Sunday, January 13, 2008

Racing to sensationalize

Last Saturday, in the wake of Barack Obama winning the Democratic Iowa caucuses, I wrote, optimistically, that perhaps Americans finally were becoming color-blind and might be ready, willing and able to elect a black man as their president.

Three days later, a Hudson Valley newspaper (not the Freeman) proved, sadly, that we haven’t come that far after all -- reporting in a follow-up story about an alleged rape at Kingston High School that the incident was “sparking racial tensions in the city.”

The six suspects were black; the alleged victim, white. And this was, after all, Kingston High School, where an assault by a black student on a white student in 2005 led to a local rally by New Jersey-based white supremacist Hal Turner and a small group of neo-Nazis. So, naturally, the newspaper decided to portray the alleged rape as a bias crime. Too bad there were no facts to back up the supposition.

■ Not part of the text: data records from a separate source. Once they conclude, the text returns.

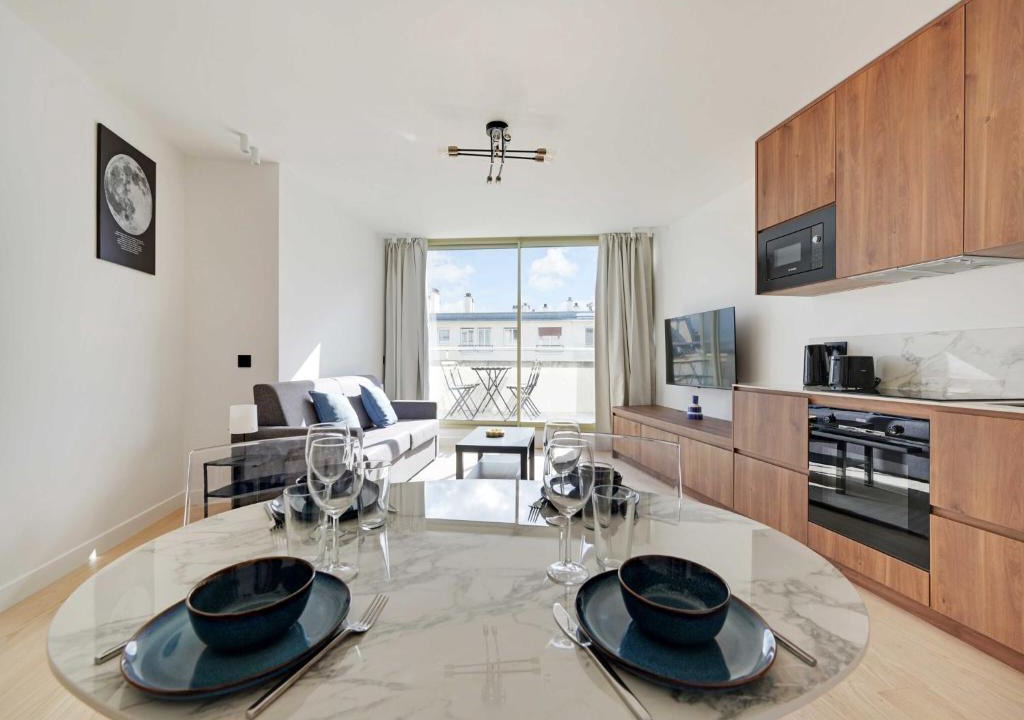 Neuilly-sur-Seine Apartment | Elegant apartment - AC- 1BR- Neuilly-sur-Seine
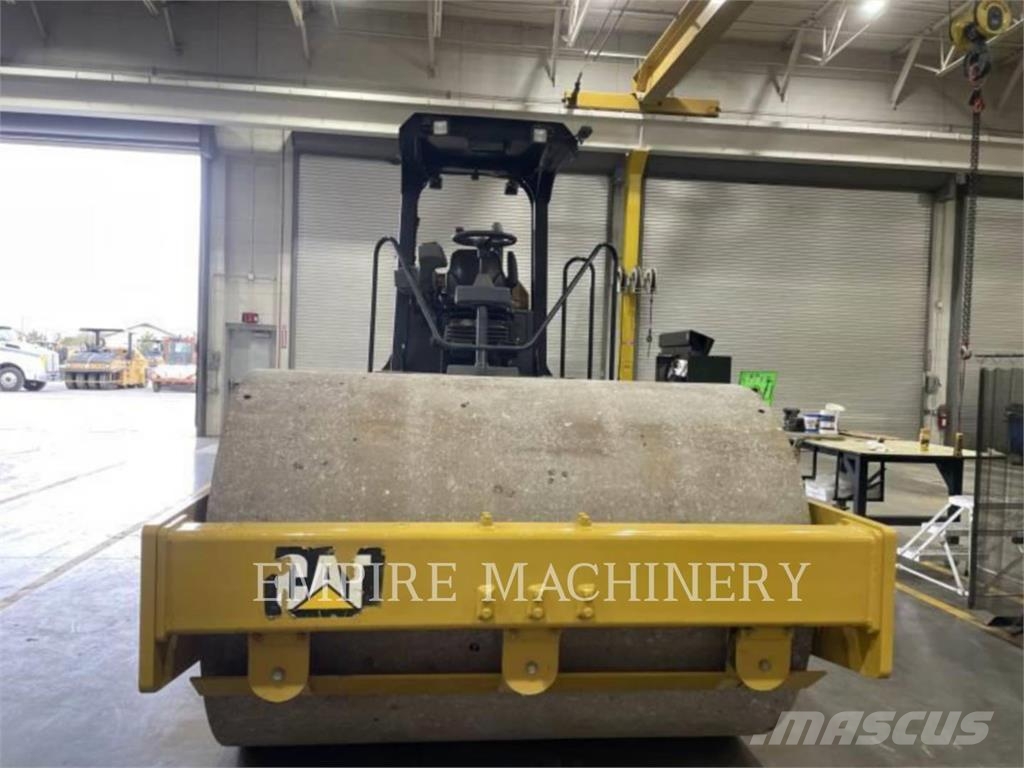 CAT CS56B Single drum rollers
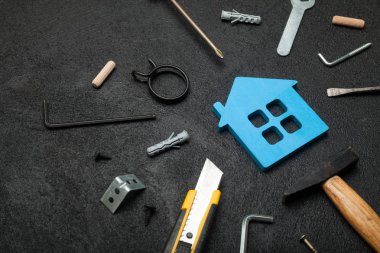 Mutlu ev inşaatı, onarım atölyesi. Çalışma tezgahı, aletli.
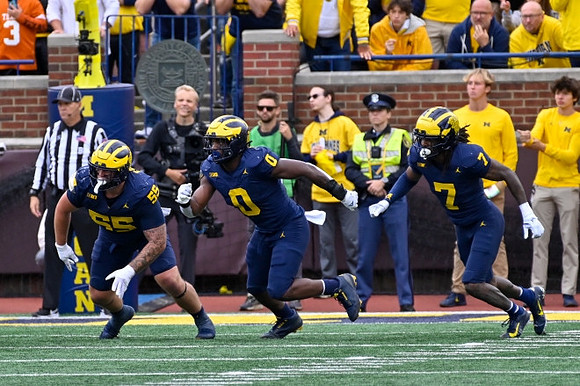Mason Graham (55), Josaiah Stewart (0), and Makari Paige (7)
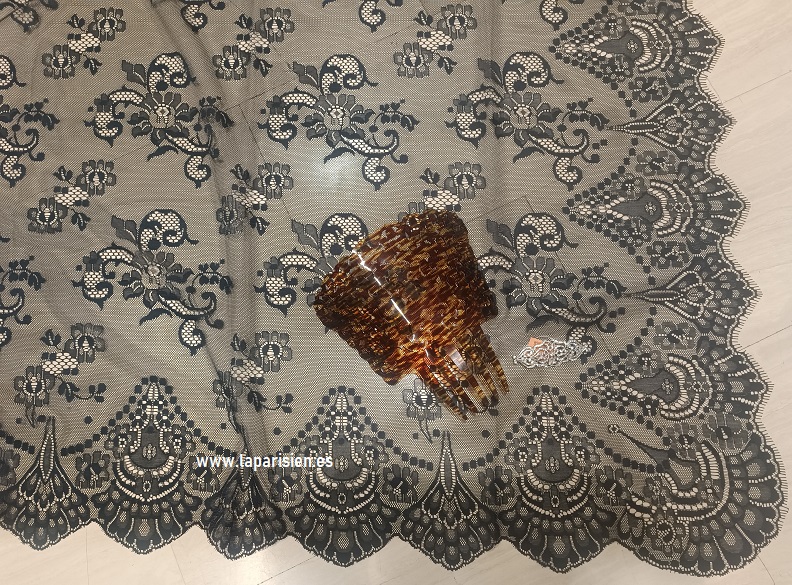 Mantilla Peineta y Broche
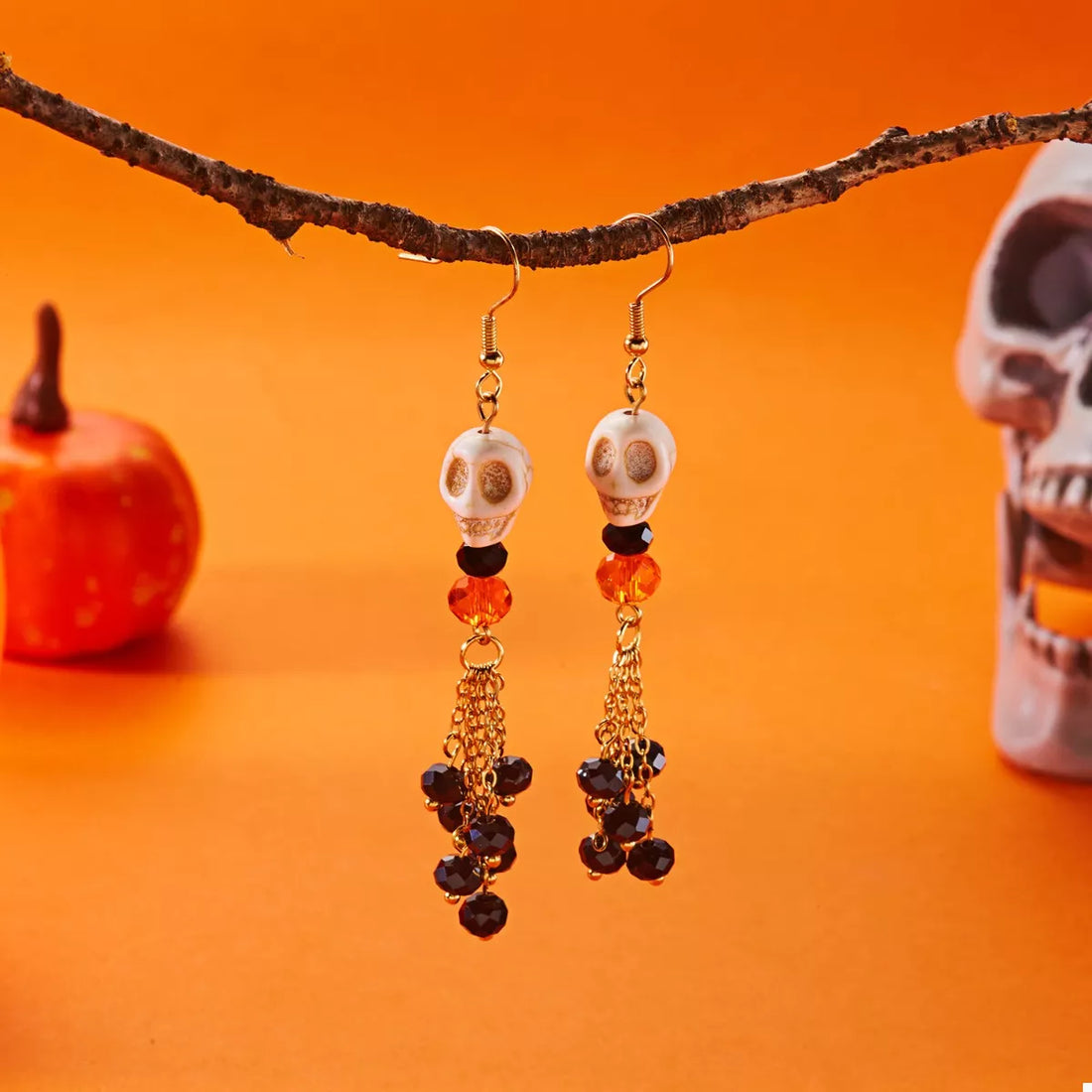 Halloween Skull Beaded Drop Earrings - cas7m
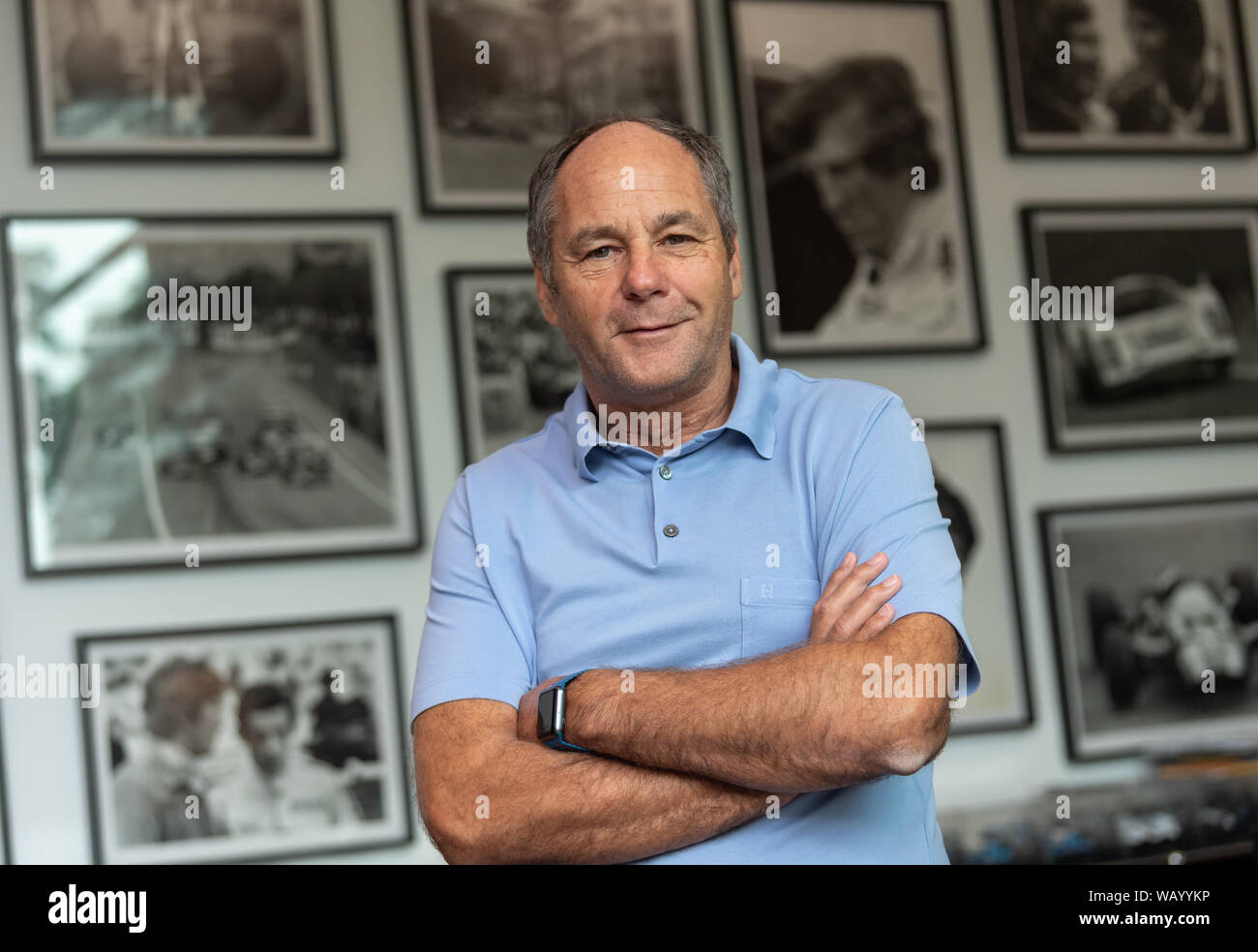 20 agosto 2019, l'Austria, Wörgl: DTM boss Gerhard Berger in ufficio del suo spedizioniere. Foto: Peter Kneffel/dpa Foto Stock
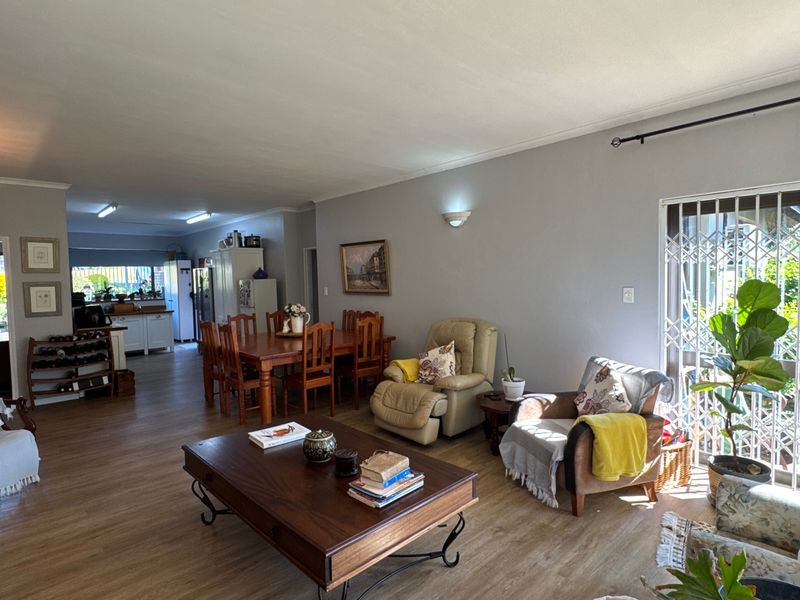 Modern Family Townhouse in Secure Hilton Complex - Photo 6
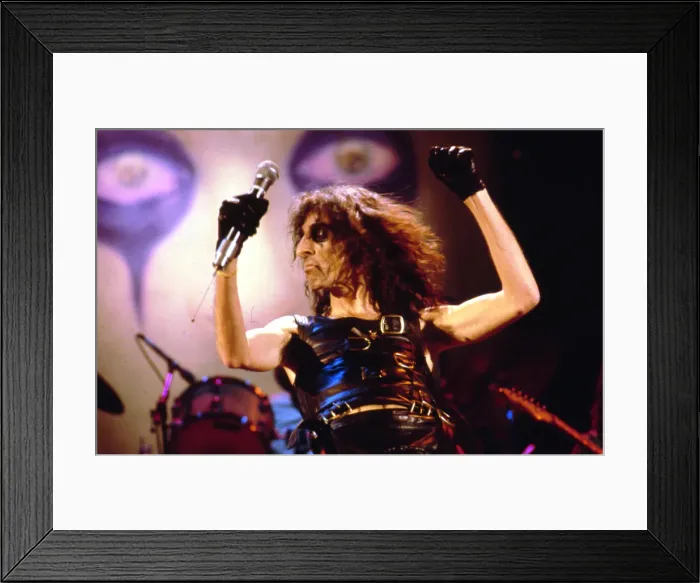 Framed Print : Photo of Alice Cooper Framed Print : Photo of Alice Cooper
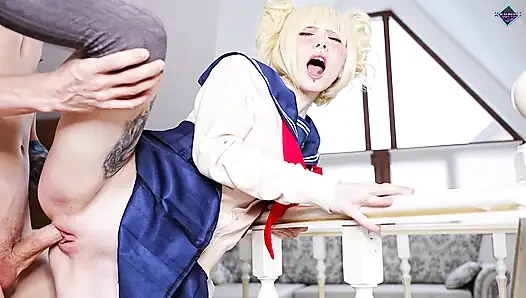 Himiko toga yarak ve amcığın içine boşalmayı seviyor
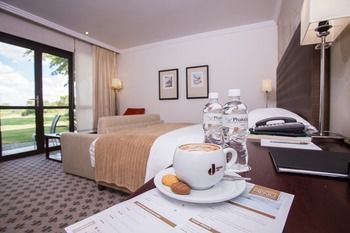 Phakalane Golf Estate Hotel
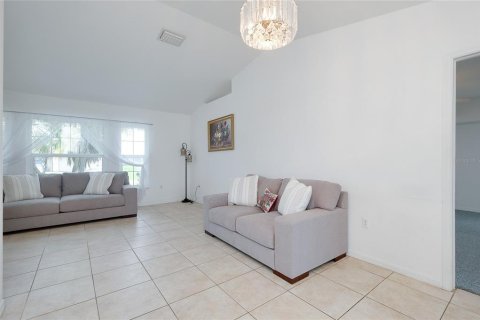 Villa ou maison à vendre à Port Charlotte, Floride: 3 chambres, 182.09 m2 № 2157384 - photo 13
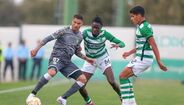 Ponta de lança: Zequinha (V. Setúbal) - à esquerda na foto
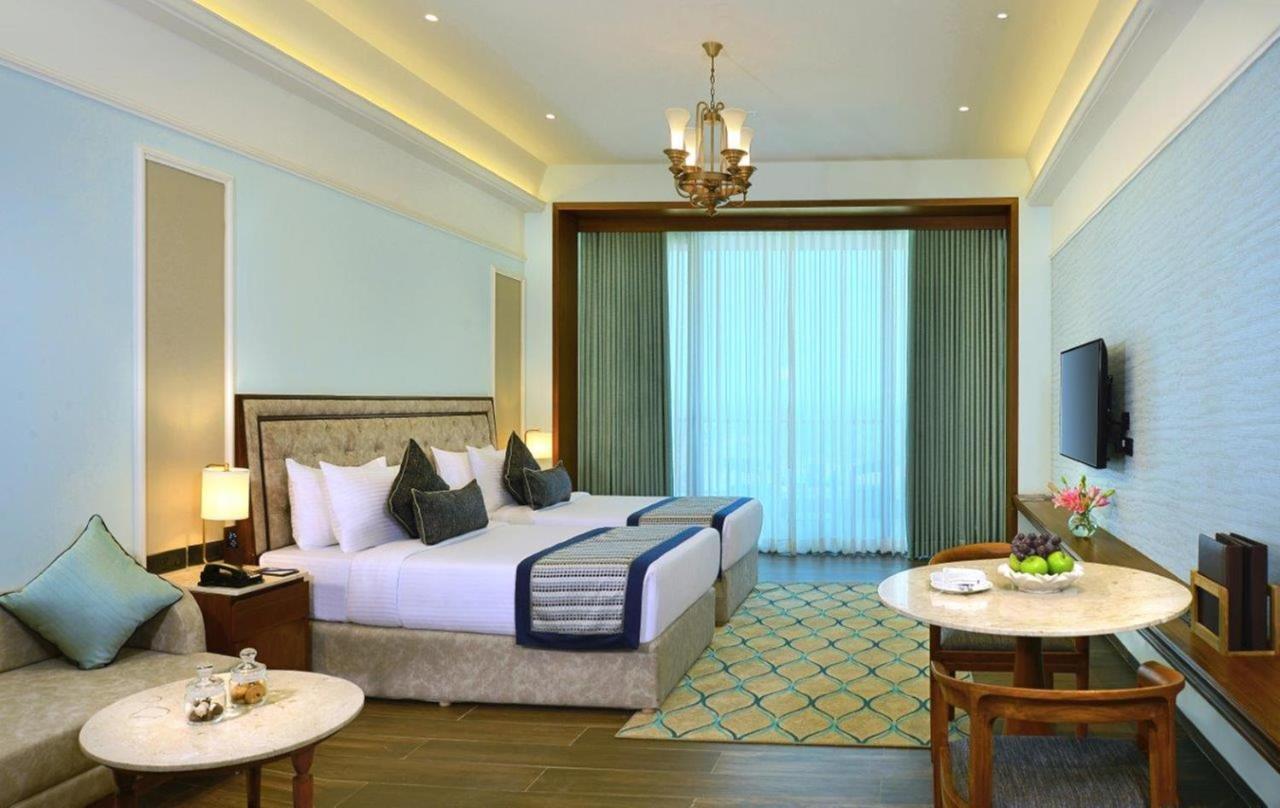 Gift City Club, A Member Of Radisson Individuals Gandhinagar Buitenkant foto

The sole basis for the newspaper’s story was that one local pastor -- who, wait for it now, “declined to be identified” -- made the comment that the girl in the alleged rape was “just like Tawana Brawley, only white.” (Brawley was the black teenager from Dutchess County who, in late 1987, alleged she was sexually assaulted by six white men, including law-enforcement officers, and said they smeared a racial epithet on her torso using feces. A grand jury later concluded Brawley had fabricated the story.)

The pastor in the newspaper’s story was allowed to hide herself in anonymity, and no one else in the story was quoted as saying the alleged rape at KHS was race-related or that the city was suffering from “racial tension.” In fact, the story had no comments at all about race from students, employees of the school, police officials, the mayor or, for that matter, anyone living in the city of Kingston.

Well, I live in Kingston. I have for more than 20 years. And let me assure you, the incident at the high school (in which the rape charges have been dropped, by the way) did not spark “racial tensions” in the city -- or even at the high school, according to numerous students and parents with whom I’ve spoken over the past several days. And the reason is simple: People of different races generally get along in Kingston. Are there some problems? Yes, of course. Sadly, there will be in any racially mixed population. But, in general, there is no “racial tension” in my adopted hometown. And there never has been during the time I’ve lived here. (For heaven’s sake, most of the 200 people who showed up to demonstrate against Hal Turner at his November 2005 rally were white!)

Alleging that a crime is race-related is serious business and should never be done lightly -- especially by a media outlet that is expected to be thorough and objective in its reporting.

And viewing a crime as race-related simply because the suspects are of one race and the alleged victim is of another is, in a word, bigoted.